2.3 Tasks: PromQL

In this lab you are going to learn a bit more about PromQL (Prometheus Query Language) .

PromQL is the query language that allows you to select, aggregate and filter the time series data collected by prometheus in real time.

Task 2.3.1: Explore Examples

In this first task you are going to explore some querying examples.

Get all time series with the metric prometheus_http_requests_total.

prometheus_http_requests_total

The result represents the time series for the http requests sent to your Prometheus server as an instant vector.

Get all time series with the metric prometheus_http_requests_total and the given code and handler labels.

Additionally select your monitoring namespace using the namespace label.

prometheus_http_requests_total{code="200", handler="/api/v1/targets",namespace="<team>-monitoring"}

The result will show you the time series for the http requests sent to the query endpoint of your Prometheus Server, which were successful ( HTTP status code 200 ).

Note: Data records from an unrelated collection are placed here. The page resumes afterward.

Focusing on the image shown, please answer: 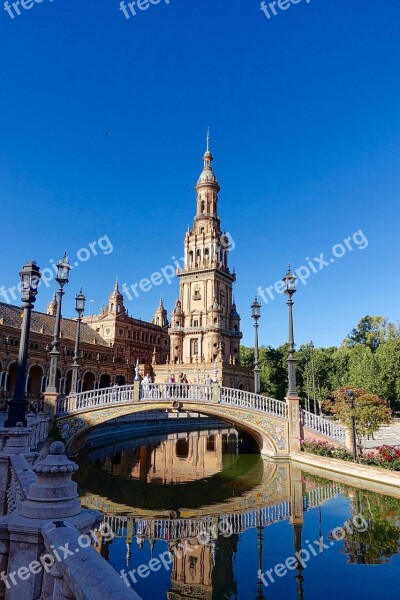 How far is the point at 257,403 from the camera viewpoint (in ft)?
67.4

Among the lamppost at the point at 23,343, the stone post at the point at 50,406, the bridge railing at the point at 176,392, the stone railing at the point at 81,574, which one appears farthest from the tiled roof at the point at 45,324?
the stone railing at the point at 81,574

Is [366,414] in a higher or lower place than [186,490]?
higher

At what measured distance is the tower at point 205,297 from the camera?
53594 mm

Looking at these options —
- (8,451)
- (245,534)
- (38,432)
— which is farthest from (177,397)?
(8,451)

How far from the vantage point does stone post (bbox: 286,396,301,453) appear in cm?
1922

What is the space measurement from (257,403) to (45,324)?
39.3m

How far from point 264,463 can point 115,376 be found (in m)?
45.1

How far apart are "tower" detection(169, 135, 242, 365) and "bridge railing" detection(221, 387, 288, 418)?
1184 inches

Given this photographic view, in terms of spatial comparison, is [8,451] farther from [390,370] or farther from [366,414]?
[390,370]

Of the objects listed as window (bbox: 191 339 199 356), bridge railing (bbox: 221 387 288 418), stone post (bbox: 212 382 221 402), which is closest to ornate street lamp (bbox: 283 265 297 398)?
bridge railing (bbox: 221 387 288 418)

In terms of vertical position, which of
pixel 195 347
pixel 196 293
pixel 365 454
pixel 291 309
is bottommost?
pixel 365 454

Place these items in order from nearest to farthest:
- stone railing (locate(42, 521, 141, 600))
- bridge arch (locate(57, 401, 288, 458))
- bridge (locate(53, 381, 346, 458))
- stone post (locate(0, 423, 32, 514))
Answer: stone railing (locate(42, 521, 141, 600)), stone post (locate(0, 423, 32, 514)), bridge arch (locate(57, 401, 288, 458)), bridge (locate(53, 381, 346, 458))

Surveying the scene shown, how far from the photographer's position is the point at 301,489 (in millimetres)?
13594

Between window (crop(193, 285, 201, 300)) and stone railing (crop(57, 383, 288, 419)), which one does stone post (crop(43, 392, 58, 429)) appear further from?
window (crop(193, 285, 201, 300)) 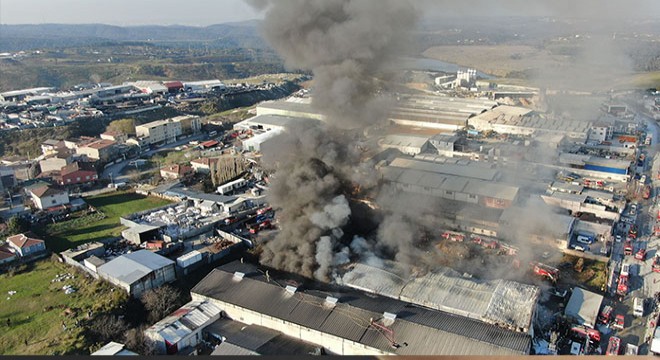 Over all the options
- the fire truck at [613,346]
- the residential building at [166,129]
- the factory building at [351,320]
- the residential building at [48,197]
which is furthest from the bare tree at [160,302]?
the residential building at [166,129]

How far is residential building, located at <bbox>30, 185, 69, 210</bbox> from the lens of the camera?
19.4 metres

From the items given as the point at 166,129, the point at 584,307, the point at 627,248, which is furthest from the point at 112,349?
the point at 166,129

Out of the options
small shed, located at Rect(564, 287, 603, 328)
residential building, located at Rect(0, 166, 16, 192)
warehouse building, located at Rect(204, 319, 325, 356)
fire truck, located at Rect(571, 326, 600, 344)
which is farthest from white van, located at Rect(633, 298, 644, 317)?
residential building, located at Rect(0, 166, 16, 192)

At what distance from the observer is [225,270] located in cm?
1316

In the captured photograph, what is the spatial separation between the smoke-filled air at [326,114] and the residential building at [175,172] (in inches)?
370

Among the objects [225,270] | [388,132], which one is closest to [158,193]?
[225,270]

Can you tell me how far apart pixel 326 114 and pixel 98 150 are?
672 inches

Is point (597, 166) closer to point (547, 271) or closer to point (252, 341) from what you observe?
point (547, 271)

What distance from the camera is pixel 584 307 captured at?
1192 centimetres

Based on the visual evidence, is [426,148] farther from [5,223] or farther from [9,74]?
[9,74]

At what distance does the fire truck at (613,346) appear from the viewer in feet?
34.7

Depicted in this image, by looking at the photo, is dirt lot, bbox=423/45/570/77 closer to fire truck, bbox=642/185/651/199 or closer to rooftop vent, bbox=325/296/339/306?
fire truck, bbox=642/185/651/199

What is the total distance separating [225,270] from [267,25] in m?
7.40

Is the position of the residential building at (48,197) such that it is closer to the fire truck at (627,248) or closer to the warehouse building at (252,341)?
the warehouse building at (252,341) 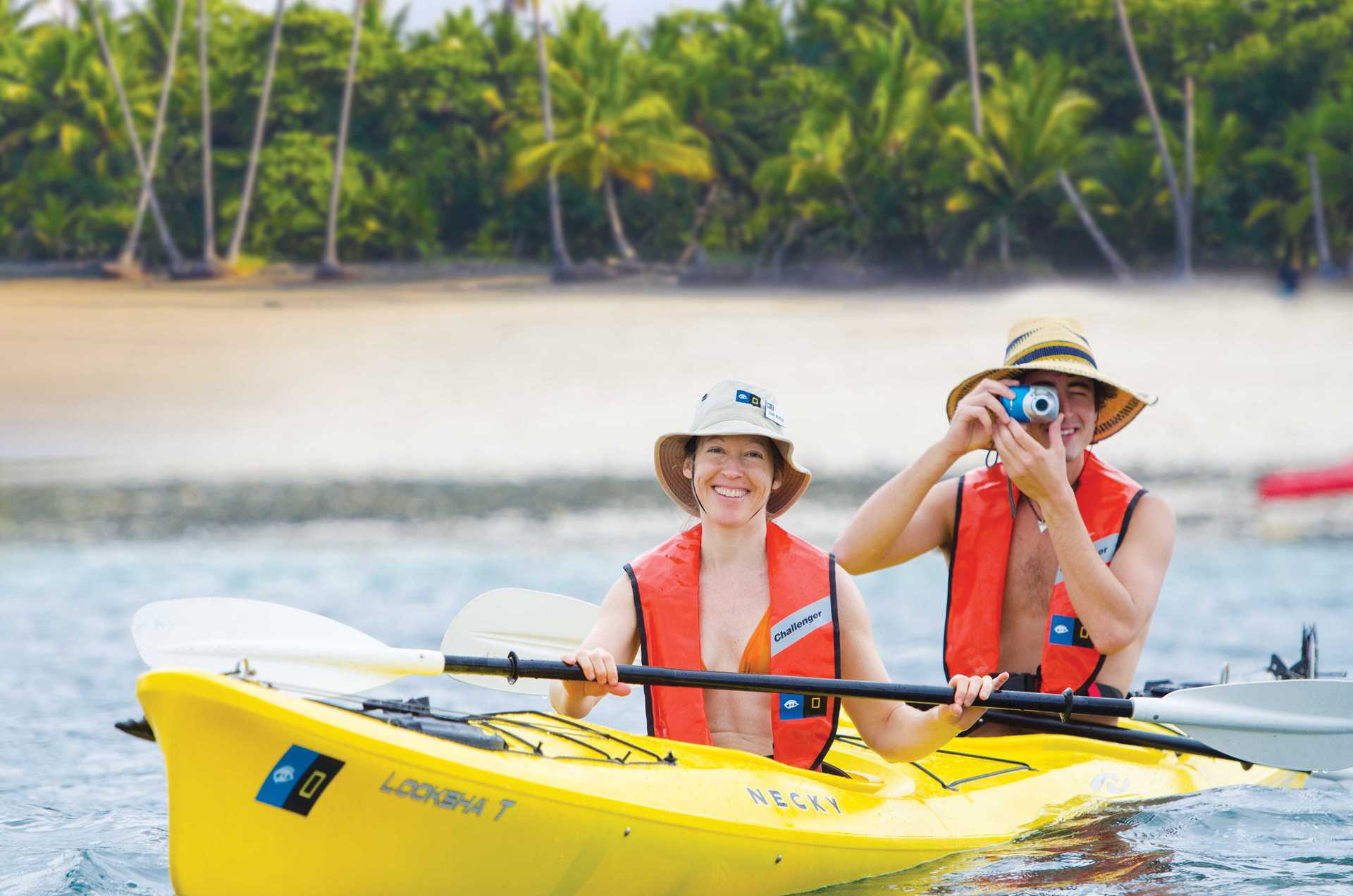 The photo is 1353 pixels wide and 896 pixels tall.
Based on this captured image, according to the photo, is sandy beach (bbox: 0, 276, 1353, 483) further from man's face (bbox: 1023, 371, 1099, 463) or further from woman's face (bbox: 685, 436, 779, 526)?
woman's face (bbox: 685, 436, 779, 526)

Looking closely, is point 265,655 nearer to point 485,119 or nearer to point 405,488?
point 405,488

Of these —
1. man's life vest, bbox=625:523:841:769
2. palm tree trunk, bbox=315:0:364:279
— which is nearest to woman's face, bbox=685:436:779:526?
man's life vest, bbox=625:523:841:769

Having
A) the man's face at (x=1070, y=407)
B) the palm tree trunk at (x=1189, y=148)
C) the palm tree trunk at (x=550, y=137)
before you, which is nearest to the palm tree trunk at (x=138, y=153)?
the palm tree trunk at (x=550, y=137)

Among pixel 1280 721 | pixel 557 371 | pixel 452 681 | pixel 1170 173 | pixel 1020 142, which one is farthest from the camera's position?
pixel 1170 173

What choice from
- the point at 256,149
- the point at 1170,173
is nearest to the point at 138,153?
the point at 256,149

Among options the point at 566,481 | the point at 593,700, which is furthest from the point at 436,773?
the point at 566,481

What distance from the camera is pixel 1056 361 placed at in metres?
4.18

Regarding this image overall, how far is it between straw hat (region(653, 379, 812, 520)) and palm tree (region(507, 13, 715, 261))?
25705 mm

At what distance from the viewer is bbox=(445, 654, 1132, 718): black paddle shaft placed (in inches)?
139

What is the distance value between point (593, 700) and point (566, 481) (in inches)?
481

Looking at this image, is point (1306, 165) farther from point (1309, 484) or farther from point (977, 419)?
point (977, 419)

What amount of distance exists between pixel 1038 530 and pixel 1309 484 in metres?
10.8

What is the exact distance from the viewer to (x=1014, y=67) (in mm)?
29609

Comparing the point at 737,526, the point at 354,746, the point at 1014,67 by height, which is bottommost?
the point at 354,746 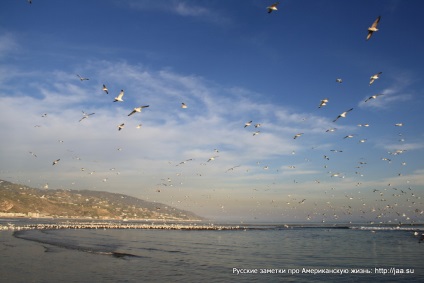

Get a whole range of time (5 minutes) for the same vector, making it a range vector:

prometheus_http_requests_total{code="200", handler="/api/v1/targets",namespace="<team>-monitoring"}[5m]

A range vector can not be graphed directly in the Prometheus UI, use the table view to display the result.

With regular expressions you can filter time series only for handlers whose name matches a certain pattern, in this case all handlers starting with /api:

prometheus_http_requests_total{handler=~"/api.*", namespace="<team>-monitoring"}

All regular expressions in Prometheus use the RE2 syntax . To select all HTTP status codes except 2xx, you would execute:

prometheus_http_requests_total{code!~"2..",namespace="<team>-monitoring"}

Task 2.3.2: Sum Aggregation Operator

The Prometheus Aggregation operators help us to aggregate time series in PromQL.

There is a Prometheus metric that represents all samples scraped by Prometheus. Let’s sum up the metrics returned.

Hints

The metric scrape_samples_scraped represents the total of scraped samples by job and instance. To get the total amount of scraped samples, we use the Prometheus aggregation operators sum to sum the values.

Additionally select your Prometheus instance using the prometheus label. Replace <team>-monitoring/prometheus with the monitoring name you defined earlier in lab 01.

sum(scrape_samples_scraped{prometheus="<team>-monitoring/prometheus"})

Task 2.3.3: Rate Function

Use the rate() function to display the current CPU idle usage per CPU core of the server in % based on data of the last 5 minutes.

Hints

The CPU metrics are collected and exposed by the node_exporter therefore the metric we’re looking for is under the node namespace.

node_cpu_seconds_total

To get the idle CPU seconds, we add the label filter {mode="idle"}.

Since the rate function calculates the per-second average increase of the time series in a range vector, we have to pass a range vector to the function.

To get the idle usage in % we therefore have to multiply it with 100.

rate(
  node_cpu_seconds_total{mode="idle",instance="prometheus-training.balgroupit.com:9100"}[5m]
  )
* 100

Task 2.3.4: Arithmetic Binary Operator

In the previous lab, we created a query that returns the CPU idle usage. Now let’s reuse that query to create a query that returns the current CPU usage per core of the server in %. The usage is the total (100%) minus the CPU usage idle.

Hints

To get the CPU usage we can simply substract idle CPU usage from 1 (100%) and then multiply it by 100 to get percentage.

(
  1 -
  rate(
      node_cpu_seconds_total{mode="idle",instance="prometheus-training.balgroupit.com:9100"}[5m]
      )
)
* 100

Task 2.3.5: How much free memory

Arithmetic Binary Operator can not only be used with constant values eg. 1, it can also be used to evaluate to other instant vectors.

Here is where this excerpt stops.